Beta-Forging of Titanium Ti6Al4V Alloy Powders: Phase Evolution Modeling and Strain-Rate Relation

Ti6Al4V is one of the best known and studied titanium alloy for the optimization of the thermo-mechanical treatments. The Ti-forgings represent a valid opportunity for the aircraft manufacturers and designers because of high tensile and fatigue properties. Nevertheless the total-cost reduction of the manufacturing-chain requires both: the ability to manufacture nearer-shaped components by mean of forging-process-modification and less final machining (material scraps). Even if Ti6Al4V is a well known alloy, any process parameters modification introduced still represents a challenge for the metallurgists and manufacturers.The idea, at the base of the present work, has been the feasibility study of forging experiments in the Beta-field using Hot Isostatic Pressed (HIP) powders billets. The preliminary compression tests has been carried out in laboratory and the results have been validated in a industrial Forging-Workshop. The deformation behavior of Ti6Al4V HIPped powders during high temperature deformation tests is reported. Laboratory compression and tensile tests have been coupled with relaxation tests in order to achieve robust data about strain rate sensitivitym-coefficient and activation energy Q.The obtained results have been fitted for the assessment of generalized exponential deformation law.
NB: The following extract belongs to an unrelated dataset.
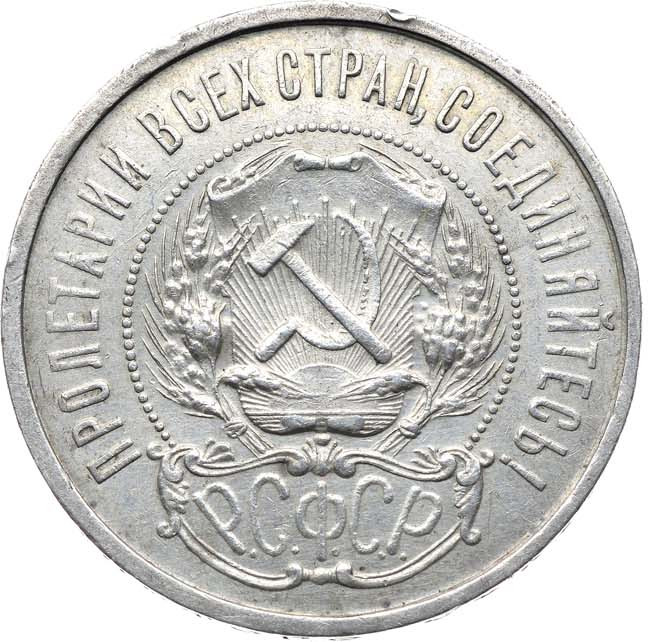 50 копеек 1922 года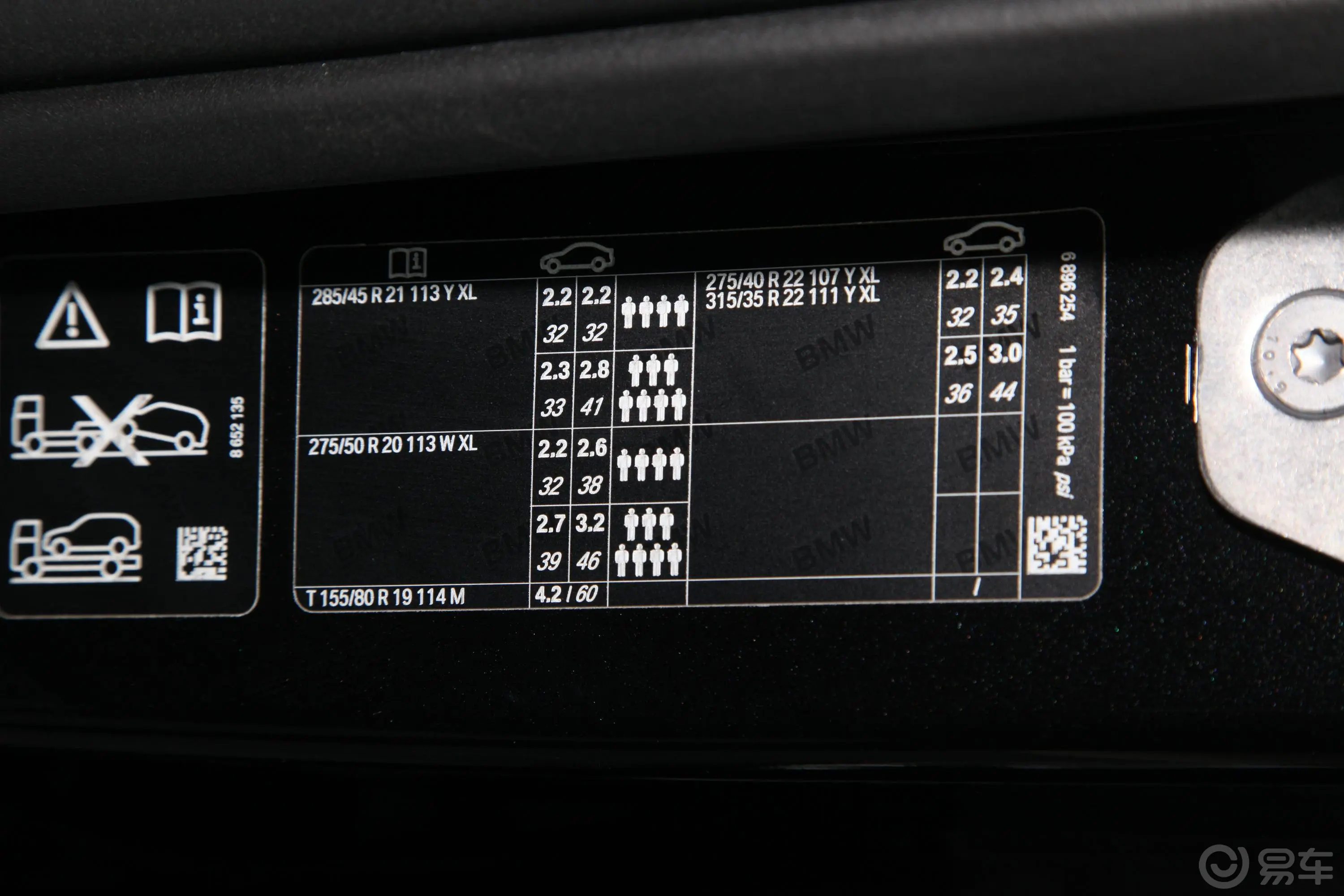 宝马X7xDrive40i 行政型 M运动套装胎压信息铭牌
The final result is a “Dorn model” that takes into account and compares all the results from the three different deformation tests: compression, tensile and relaxation. The deformation tests have been carried out at temperatures ranging from 1173 K up to 1373 K and strain rate from 0,01 s-1up to about 1 s-1, trying to describe the high temperature complex shape forging operations.Finally the recorded deformation curves has been used for modeling by means of FEM DeformTM code the deformation process and microstructure evolution by means of an Avrami type law.